Primeiro, tive de descobrir qual a posição dos franceses em relação a esses animais, preocupação essa que tinha razão de ser. Em Nova York, onde a lei estipula explicitamente que os cães-guia podem acompanhar seus donos a todo lugar, eu vivo encontrando problemas – em restaurantes, táxis, parques, até hospitais. Não queria ir a Paris em férias só para arrumar as mesmas brigas que tinha perto de casa.

O resultado da minha pesquisa foi uma boa notícia: não só a França tem uma das leis de animais de serviço mais fortes do mundo como é também vigorosamente obedecida, com qualquer tipo de discriminação estritamente proibida. Fiquei nas nuvens. Além de poder vivenciar uma cidade que sempre quis visitar, também soube que minha guia seria recebida de braços abertos.

Os problemas começaram no momento em que chegamos a Paris. Bastou um olhar na nossa direção para o corretor da imobiliária que nos alugou o apartamento exigir 700 euros a mais de caução, além dos 500 euros já cobrados para uma “taxa de limpeza profunda” misteriosa. Senti como se tivesse levado um tapa – que doeu de verdade, principalmente depois das boas-vindas calorosas que eu tinha imaginado.

Não só a França tem uma das leis de animais de serviço mais fortes do mundo como é também vigorosamente obedecida

Puxa, ainda bem que discriminação é estritamente proibida, não é mesmo? Juju e eu ficamos furiosos, mas o que podíamos fazer? Nunca que encontraríamos outro apartamento no auge da temporada turística. Ficamos sem opção. Por isso, naquela tarde, peguei o metrô rumo a uma região meio distante, no 20.º Arrondissement, para procurar a sede da federação local de cães-guia e ver se alguém poderia me ajudar a resolver a questão com a imobiliária. Ao chegar, fui recebido pelo diretor, um homenzinho animado que apertou minha mão com vigor antes de me levar à sua sala atopetada. Ouviu com atenção minha descrição da briga com o corretor. Quando terminei, ele deu um suspiro profundo e começou a tamborilar os dedos na mesa.

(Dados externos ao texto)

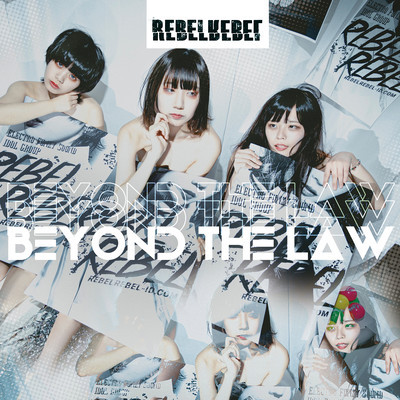 Beyond The Law Front Cover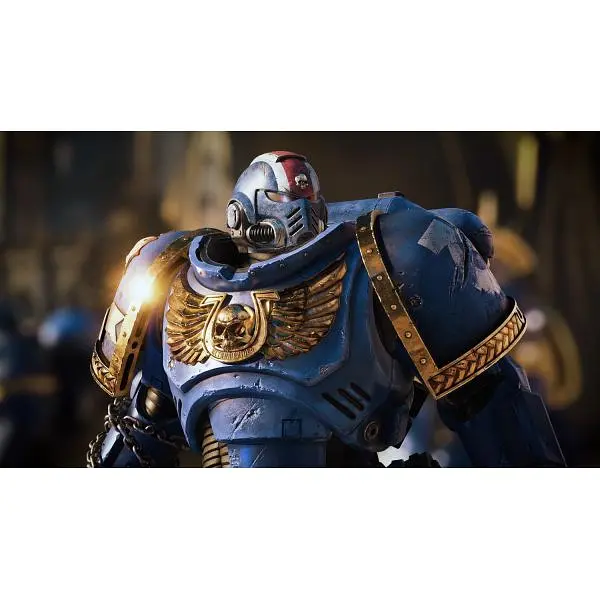 Гра Warhammer 40,000 Space Marine 2 (російська версія) (PS5) - фото 2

“O senhor está absolutamente correto. Sem dúvida, é uma violação da lei francesa, mas a sua situação é meio... hã... complicada.”

“Por quê? A lei é clara ao afirmar que não se pode cobrar de uma pessoa cega com um cão-guia mais do que se cobraria de qualquer outra.”

“Exatamente. Só que a lei não se aplica ao senhor.”

“Por que não?”, perguntei, atônito.

“Porque a lei francesa se aplica apenas aos cães franceses.”

Cães franceses? O cara estava tirando uma com a minha cara? Que diabos significava “um cão francês”? Imaginei um cachorro com cara de tédio sentado à mesa na calçada de um café, boina na cabeça, um cigarro em uma pata, um copo de vinho na outra.

Nisso, o diretor interrompeu meu devaneio. “Mas acho que posso dar um jeito para o senhor”, disse em um sussurro de tom conspiratório.

“Ah, é? Como?”, eu quis saber.

“Posso fazer um cartão de identificação falso. Assim, enquanto estiverem aqui, o senhor e a Nadia serão franceses, e poderão desfrutar de todos os direitos que o país oferece – restaurantes, táxis, museus, o que for. Simples, não?”.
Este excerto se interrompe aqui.